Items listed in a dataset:

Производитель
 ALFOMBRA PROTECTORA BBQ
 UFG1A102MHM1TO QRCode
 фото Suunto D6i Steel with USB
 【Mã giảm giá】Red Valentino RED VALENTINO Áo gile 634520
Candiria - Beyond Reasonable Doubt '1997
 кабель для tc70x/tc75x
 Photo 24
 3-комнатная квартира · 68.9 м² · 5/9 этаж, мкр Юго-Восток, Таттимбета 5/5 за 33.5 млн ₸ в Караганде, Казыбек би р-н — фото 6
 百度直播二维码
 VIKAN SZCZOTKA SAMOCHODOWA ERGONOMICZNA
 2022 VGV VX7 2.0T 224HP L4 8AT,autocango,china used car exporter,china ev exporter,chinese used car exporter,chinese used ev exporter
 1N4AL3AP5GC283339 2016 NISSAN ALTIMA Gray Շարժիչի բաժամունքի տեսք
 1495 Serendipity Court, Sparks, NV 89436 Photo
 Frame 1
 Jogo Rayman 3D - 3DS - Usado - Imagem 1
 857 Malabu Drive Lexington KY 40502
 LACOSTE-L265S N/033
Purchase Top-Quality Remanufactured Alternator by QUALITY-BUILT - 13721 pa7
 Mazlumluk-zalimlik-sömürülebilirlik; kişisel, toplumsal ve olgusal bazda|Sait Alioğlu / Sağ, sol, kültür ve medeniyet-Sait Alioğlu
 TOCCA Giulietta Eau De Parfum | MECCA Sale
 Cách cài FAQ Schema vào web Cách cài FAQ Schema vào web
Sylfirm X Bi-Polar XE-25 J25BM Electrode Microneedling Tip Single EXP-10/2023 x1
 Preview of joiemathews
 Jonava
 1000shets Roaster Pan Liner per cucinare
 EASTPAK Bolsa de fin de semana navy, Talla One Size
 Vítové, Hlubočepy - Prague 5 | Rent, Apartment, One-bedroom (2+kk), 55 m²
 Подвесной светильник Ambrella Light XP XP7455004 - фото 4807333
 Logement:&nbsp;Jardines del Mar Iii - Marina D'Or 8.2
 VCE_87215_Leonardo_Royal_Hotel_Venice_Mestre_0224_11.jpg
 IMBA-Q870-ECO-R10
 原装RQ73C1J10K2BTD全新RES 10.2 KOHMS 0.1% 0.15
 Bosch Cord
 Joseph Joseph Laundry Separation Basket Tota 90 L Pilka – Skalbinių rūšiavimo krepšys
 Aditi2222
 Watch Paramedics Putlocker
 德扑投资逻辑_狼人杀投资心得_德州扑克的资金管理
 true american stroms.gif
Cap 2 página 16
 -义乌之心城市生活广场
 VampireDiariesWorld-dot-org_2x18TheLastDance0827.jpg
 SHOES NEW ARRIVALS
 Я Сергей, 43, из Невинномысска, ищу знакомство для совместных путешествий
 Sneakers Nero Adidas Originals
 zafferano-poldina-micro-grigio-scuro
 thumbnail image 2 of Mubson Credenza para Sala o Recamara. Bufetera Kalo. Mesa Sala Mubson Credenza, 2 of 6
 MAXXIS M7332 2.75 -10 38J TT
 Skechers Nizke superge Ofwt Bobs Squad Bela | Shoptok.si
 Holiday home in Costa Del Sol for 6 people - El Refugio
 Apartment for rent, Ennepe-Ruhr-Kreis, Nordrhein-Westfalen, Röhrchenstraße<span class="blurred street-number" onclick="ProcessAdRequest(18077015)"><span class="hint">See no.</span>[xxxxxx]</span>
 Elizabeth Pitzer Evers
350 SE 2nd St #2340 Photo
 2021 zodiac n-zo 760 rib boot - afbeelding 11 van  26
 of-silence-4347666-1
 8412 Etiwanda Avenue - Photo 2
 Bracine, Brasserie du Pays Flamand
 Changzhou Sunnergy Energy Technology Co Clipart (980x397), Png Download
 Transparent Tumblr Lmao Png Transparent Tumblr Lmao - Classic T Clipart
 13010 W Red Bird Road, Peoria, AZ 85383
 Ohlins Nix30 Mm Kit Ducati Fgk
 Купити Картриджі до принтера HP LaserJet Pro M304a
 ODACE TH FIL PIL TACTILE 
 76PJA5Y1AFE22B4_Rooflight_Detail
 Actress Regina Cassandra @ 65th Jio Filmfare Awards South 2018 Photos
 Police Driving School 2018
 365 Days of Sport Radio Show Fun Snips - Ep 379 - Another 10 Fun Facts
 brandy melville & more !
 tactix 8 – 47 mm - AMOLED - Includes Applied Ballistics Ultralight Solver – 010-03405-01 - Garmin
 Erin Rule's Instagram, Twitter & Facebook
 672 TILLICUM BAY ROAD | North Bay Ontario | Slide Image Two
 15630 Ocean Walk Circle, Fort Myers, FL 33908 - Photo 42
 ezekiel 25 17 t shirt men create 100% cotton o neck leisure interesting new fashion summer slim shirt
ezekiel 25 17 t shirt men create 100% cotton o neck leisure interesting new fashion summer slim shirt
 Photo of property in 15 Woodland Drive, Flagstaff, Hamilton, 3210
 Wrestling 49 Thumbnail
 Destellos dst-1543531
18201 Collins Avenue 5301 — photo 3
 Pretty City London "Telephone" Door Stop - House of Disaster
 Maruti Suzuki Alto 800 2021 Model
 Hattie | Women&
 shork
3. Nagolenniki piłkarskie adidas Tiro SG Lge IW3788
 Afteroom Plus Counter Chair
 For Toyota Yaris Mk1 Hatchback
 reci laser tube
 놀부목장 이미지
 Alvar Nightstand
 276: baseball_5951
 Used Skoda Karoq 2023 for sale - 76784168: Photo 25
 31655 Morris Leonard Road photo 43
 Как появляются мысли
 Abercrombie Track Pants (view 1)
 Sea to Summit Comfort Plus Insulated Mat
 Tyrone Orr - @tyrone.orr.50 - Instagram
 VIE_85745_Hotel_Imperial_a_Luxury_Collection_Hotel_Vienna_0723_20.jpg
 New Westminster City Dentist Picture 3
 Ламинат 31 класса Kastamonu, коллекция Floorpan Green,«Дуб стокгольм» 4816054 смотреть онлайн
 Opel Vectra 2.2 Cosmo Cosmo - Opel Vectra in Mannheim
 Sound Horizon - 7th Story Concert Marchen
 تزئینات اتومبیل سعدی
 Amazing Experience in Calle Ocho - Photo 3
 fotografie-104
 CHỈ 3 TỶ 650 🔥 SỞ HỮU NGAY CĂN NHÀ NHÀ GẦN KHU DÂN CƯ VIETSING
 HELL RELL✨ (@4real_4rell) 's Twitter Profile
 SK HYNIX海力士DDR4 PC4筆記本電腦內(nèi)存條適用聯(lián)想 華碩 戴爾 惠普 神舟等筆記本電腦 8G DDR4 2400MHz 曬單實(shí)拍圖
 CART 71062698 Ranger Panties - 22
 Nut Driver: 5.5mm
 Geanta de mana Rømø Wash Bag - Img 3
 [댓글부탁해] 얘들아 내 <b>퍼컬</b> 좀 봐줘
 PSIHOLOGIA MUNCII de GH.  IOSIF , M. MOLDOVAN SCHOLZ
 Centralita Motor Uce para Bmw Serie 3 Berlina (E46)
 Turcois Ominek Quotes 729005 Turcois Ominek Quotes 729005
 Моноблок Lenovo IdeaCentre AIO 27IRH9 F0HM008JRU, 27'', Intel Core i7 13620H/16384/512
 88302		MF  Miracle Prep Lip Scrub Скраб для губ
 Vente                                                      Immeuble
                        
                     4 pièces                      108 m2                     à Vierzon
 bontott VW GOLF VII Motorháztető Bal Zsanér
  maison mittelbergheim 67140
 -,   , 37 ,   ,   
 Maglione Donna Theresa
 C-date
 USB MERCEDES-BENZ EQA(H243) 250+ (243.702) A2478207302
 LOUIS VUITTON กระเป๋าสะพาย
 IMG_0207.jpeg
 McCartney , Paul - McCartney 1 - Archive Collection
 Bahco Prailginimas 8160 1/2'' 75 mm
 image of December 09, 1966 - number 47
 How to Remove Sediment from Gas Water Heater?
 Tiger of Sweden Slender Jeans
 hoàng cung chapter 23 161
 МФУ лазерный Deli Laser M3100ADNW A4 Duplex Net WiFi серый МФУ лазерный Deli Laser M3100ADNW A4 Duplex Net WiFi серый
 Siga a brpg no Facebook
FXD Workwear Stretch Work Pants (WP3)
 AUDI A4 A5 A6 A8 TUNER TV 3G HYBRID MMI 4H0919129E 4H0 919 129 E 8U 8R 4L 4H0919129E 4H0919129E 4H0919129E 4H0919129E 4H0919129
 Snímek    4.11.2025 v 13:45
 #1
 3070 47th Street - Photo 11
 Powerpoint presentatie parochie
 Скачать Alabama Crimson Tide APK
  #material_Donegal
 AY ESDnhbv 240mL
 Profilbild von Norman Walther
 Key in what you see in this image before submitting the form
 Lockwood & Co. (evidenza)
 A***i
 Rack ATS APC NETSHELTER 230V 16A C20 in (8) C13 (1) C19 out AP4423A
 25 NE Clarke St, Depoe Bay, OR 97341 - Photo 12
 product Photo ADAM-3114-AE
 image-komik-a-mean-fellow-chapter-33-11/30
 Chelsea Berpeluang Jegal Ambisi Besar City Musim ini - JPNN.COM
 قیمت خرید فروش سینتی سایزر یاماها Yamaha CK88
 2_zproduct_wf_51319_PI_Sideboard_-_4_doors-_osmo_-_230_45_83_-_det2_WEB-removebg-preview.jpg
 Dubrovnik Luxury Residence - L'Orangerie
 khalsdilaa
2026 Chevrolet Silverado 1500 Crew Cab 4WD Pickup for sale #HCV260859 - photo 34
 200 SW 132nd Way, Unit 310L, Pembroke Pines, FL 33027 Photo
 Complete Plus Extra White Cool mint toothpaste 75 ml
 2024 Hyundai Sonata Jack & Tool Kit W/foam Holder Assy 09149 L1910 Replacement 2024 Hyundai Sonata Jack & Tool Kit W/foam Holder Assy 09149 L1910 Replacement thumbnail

> What the task requires: Please give an exact copy of the entries above, from the line with "Ohlins Nix30 Mm Kit Ducati Fgk" down to the line with "Police Driving School 2018", inclusive, and nothing else.

> Completed task:
 Ohlins Nix30 Mm Kit Ducati Fgk
 Купити Картриджі до принтера HP LaserJet Pro M304a
 ODACE TH FIL PIL TACTILE 
 76PJA5Y1AFE22B4_Rooflight_Detail
 Actress Regina Cassandra @ 65th Jio Filmfare Awards South 2018 Photos
 Police Driving School 2018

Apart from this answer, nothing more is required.